For serious memorabilia-focused collectors, that extra layer of certainty can justify a premium versus generic “relic” cards.
4. Scarcity: Red Foil /5
Ultra-modern cards often have a complex parallel structure. In this case:
- Red Foil is a clearly defined, very low-serial parallel
- Only five copies exist of this version
While there may be a one-of-one or other parallel tiers, /5 is firmly in true scarcity territory. That matters because:
- Player collectors competing for master sets have very few shots at acquiring a copy
- High-end buyers often prioritize low-serial parallels as centerpieces of Ohtani PCs (personal collections)

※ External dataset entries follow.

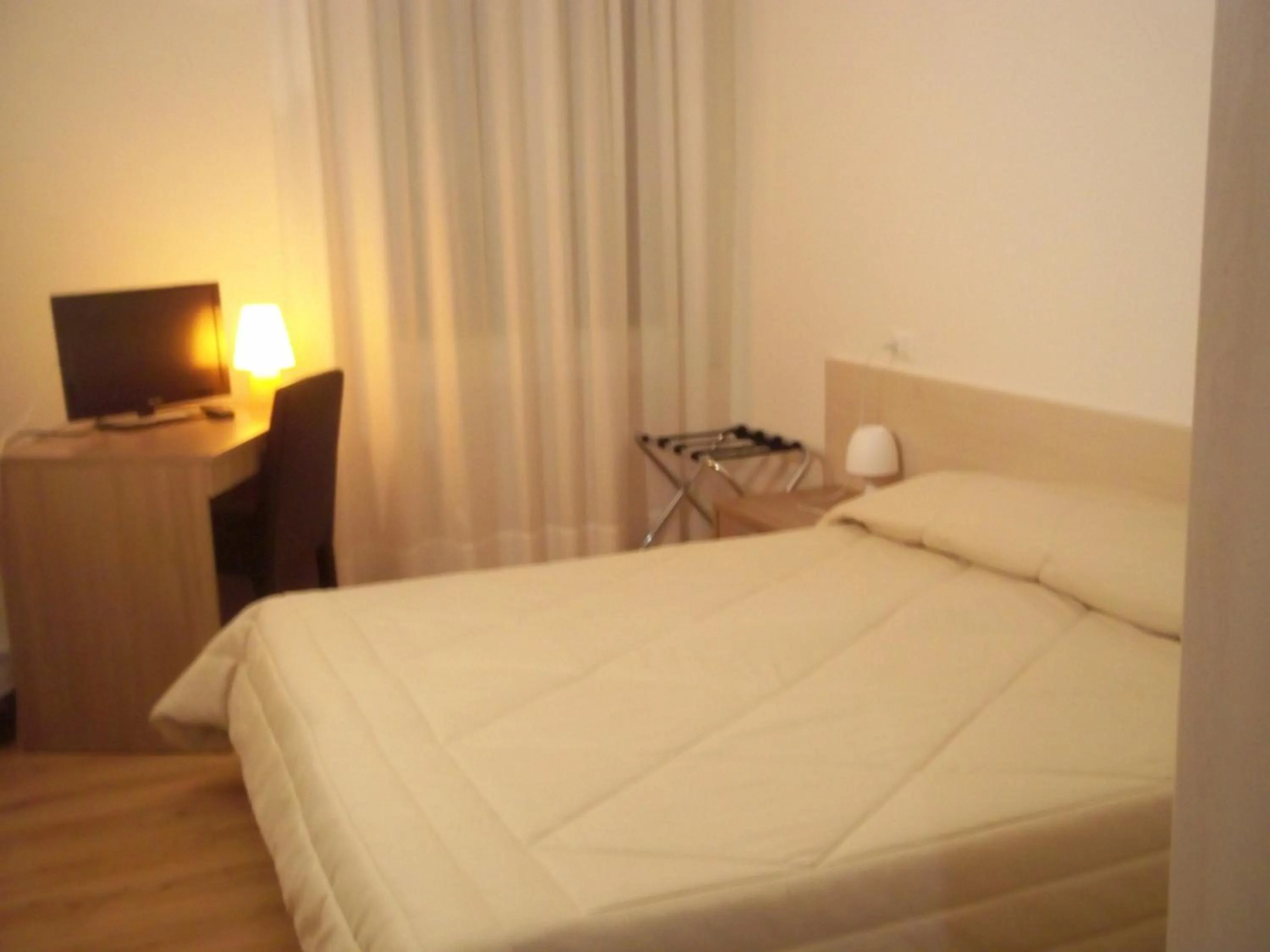 Bedroom, Bed in Hotel Gronda Lagunare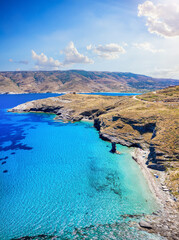 Luftaufnahme des beliebten Strandes Tis Grias to Pidima auf der griechischen Insel Andros,...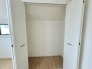 衣類の整理整頓に嬉しいクローゼット付きのお部屋。お子様のお部屋としても便利です。

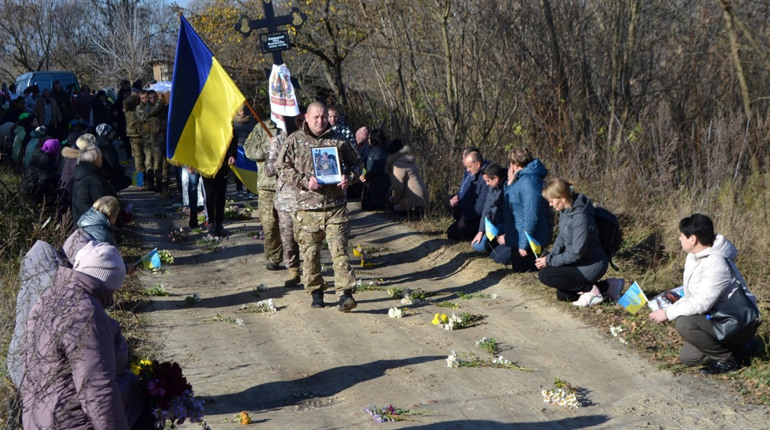Рідне село стало на коліна. У Баничах попрощалися з 22-річним Героєм Юрієм Мартиненком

5. Topps Now as a Historical Record
Topps Now has become a running archive of specific plays, debuts, records, and milestones. While traditional base sets tell a season-long story, Topps Now often focuses on:
- Debut games
- Record-setting performances
- Historic achievements
Depending on the exact moment tied to card #884A (not always captured in public auction descriptions), this card could also commemorate a particular Dodgers-era highlight. Even without that detail, it situates the relic in a real-time, event-driven product line rather than a generic insert.
Condition and Sealed Status
This card is described as Topps Sealed, meaning it remains in the original factory holder, often with a hologram or Topps sticker.

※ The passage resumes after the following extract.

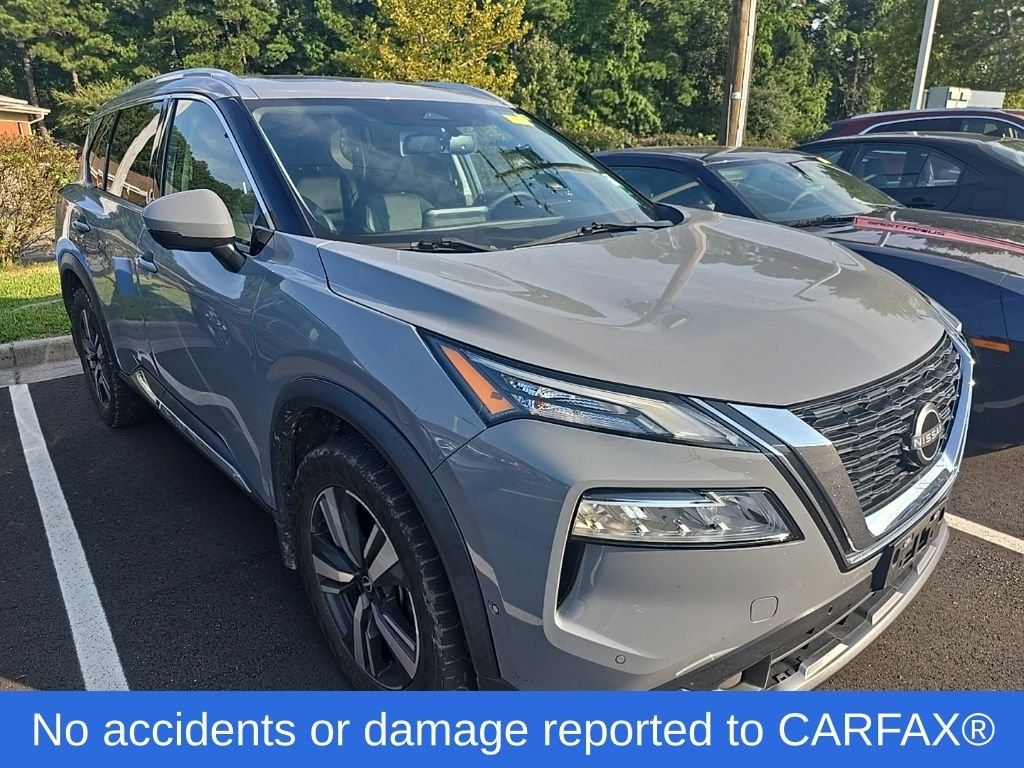 Used 2023 Gray Nissan SL image 5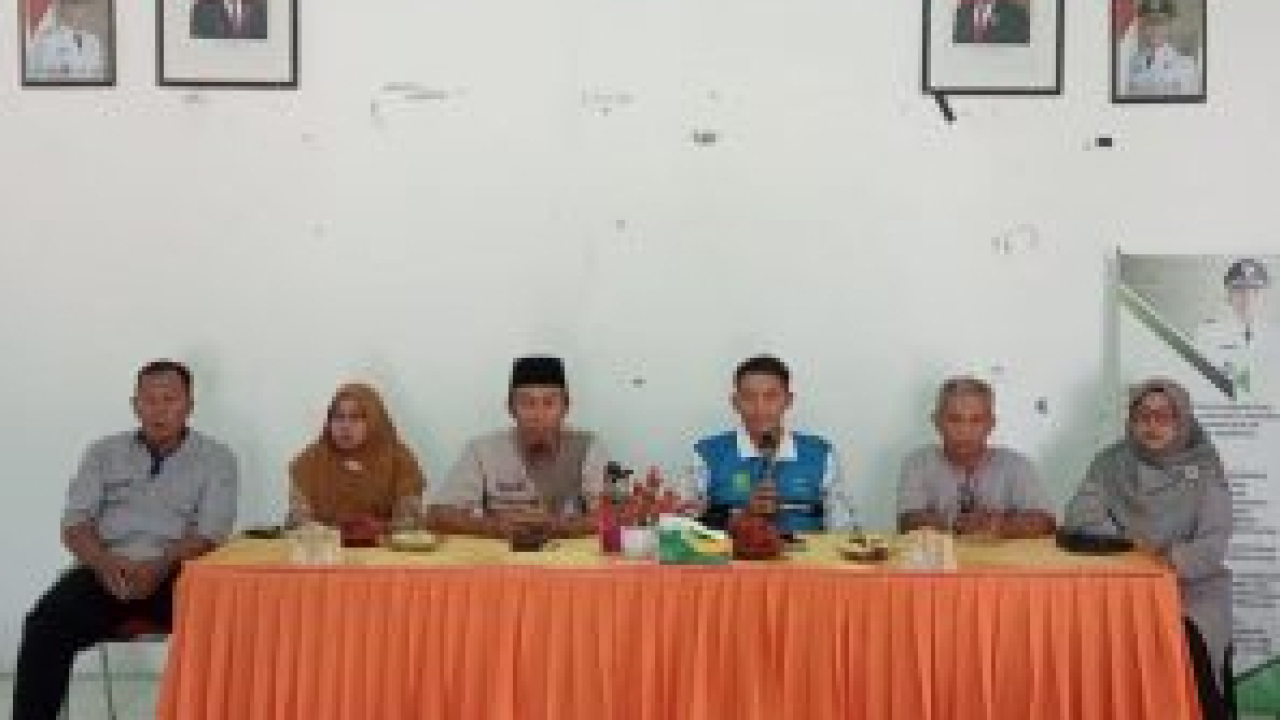 Pemerintah Kecamatan Bunguran tengah melakukan evaluasi keuangan di Desa Air Lengit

Collectors sometimes weigh two paths:
- Keep it sealed as originally issued, preserving the direct chain from Topps and MLB Authentication.
- Crack and grade with a third-party grading company (PSA, BGS, SGC) to gain a numerical grade and slabbed label.

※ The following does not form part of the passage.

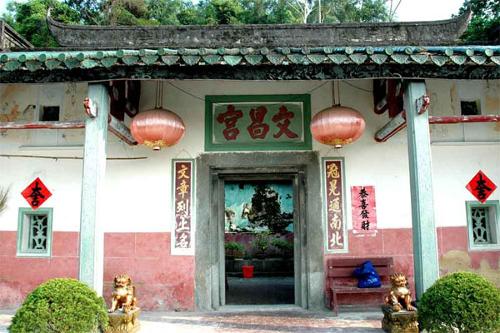 文昌宮文昌宮,位於九龍峰祖廟南側,依山勢分兩級建造,級差3.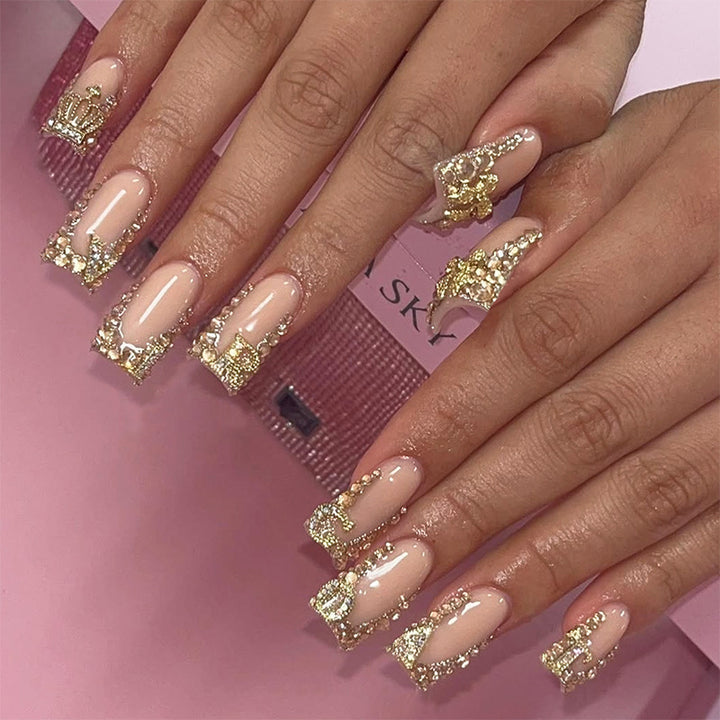 Nail set with elegant rhinestone details Bowlift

For modern relics, surface and edge chipping can impact grades. Some buyers prefer sealed status because:
- It preserves provenance
- It avoids the risks of handling and shipping to a grading company
In the absence of a pop report for this exact card (since it’s ungraded), scarcity is driven by print run (5 copies) rather than graded population.
What This Sale Signals for the Ohtani Market
A single auction doesn’t define a market, but a $24,705 result at a major auction house like Goldin on May 8, 2026 tells us a few things:
- High-end demand for Ohtani remains strong. Even outside his flagship rookie and core autograph lines, serious money is chasing premium pieces.
- Game-used, authenticated memorabilia is a key differentiator. Among a sea of parallels and inserts, relics tied to actual game use and backed by MLB data stand out.
- Dodgers-era Ohtani cards are already carving out their lane. This is not just nostalgia for his early MLB years; collectors are willing to pay serious prices for newer, big-market, big-moment material.
For newcomers or returning collectors, this doesn’t mean every Ohtani card is worth five figures—far from it. But it does highlight how the hobby currently values:
- Player stature
- Authentic game-used material
- Extremely low print runs
- Recognized auction platforms
Takeaways for Collectors and Small Sellers
A few practical lessons you can draw from this sale, whether you’re collecting or reselling:
- Know your print runs. A card numbered /5, especially of a superstar, exists in an entirely different market tier than unnumbered or high-serial inserts.
- Understand authentication. “Game-used” with MLB Authentication carries more weight than generic relic wording. When listing or buying, call out that detail clearly.
- Track comps over time. For ultra-rare cards, you may only see a handful of sales. Each one becomes a reference point, so saving auction results and data helps build your own internal price history.
- Separate player hype from card specifics. Ohtani is a major driver of demand, but within his catalog, there’s a big gap between mass-produced cards and ultra-short-print, authenticated relics.
As more 2025 Topps Now Relics Ohtani cards surface—and as future parallels or one-of-ones sell—this Goldin May 8, 2026 result will likely serve as an early milestone in the pricing history of his Dodgers-era game-used cards.
For now, it stands as a clear reminder: when you combine a generational player, true scarcity, and verifiable game-used memorabilia, the modern market is willing to pay up.